*Your assignment:* The answer must be every line below that holds the word "Furniture".

*Record extracts:*
■ ■ ■
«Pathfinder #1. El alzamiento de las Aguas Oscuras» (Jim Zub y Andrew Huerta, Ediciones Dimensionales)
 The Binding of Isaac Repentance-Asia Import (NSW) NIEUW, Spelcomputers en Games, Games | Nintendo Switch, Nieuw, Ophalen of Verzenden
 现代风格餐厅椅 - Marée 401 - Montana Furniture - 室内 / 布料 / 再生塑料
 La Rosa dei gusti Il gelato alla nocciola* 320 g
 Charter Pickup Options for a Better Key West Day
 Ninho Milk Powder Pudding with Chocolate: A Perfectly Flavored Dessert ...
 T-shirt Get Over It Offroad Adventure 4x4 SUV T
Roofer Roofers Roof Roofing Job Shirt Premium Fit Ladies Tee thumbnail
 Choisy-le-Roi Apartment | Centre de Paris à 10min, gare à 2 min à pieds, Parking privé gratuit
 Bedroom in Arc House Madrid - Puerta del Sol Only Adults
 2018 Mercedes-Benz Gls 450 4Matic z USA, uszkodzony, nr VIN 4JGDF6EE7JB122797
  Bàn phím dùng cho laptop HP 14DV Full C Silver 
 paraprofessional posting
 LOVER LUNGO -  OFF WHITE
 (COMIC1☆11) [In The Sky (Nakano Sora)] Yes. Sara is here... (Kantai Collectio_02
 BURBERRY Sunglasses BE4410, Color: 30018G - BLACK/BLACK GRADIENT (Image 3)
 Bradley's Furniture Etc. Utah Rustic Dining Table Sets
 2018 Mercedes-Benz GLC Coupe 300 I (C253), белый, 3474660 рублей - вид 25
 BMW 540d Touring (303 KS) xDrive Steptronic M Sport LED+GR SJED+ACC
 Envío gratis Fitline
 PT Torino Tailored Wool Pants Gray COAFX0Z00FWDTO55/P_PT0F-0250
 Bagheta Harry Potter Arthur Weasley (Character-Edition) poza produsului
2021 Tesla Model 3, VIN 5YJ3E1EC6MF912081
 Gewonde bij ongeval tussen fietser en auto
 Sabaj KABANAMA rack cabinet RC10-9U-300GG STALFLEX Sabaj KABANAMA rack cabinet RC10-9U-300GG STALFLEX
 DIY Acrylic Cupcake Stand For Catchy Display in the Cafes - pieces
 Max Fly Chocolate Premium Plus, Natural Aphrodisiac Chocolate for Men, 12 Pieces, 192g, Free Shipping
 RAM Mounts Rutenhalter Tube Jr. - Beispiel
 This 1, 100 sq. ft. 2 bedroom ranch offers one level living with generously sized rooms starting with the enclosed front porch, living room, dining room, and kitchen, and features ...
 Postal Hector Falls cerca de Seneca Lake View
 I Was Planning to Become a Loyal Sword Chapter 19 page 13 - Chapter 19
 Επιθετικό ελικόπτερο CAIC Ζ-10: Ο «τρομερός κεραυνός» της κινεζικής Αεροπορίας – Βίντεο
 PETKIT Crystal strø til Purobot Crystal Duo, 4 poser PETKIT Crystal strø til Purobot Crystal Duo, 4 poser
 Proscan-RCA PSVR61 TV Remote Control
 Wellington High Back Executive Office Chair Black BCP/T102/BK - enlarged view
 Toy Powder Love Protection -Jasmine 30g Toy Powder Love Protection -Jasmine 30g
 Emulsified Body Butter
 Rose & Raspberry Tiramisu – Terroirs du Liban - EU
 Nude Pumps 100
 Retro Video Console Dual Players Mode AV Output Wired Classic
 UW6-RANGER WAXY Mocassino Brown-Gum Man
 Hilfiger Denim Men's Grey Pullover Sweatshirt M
■ ■ ■
*Result of this exercise:*
 现代风格餐厅椅 - Marée 401 - Montana Furniture - 室内 / 布料 / 再生塑料
 Bradley's Furniture Etc. Utah Rustic Dining Table Sets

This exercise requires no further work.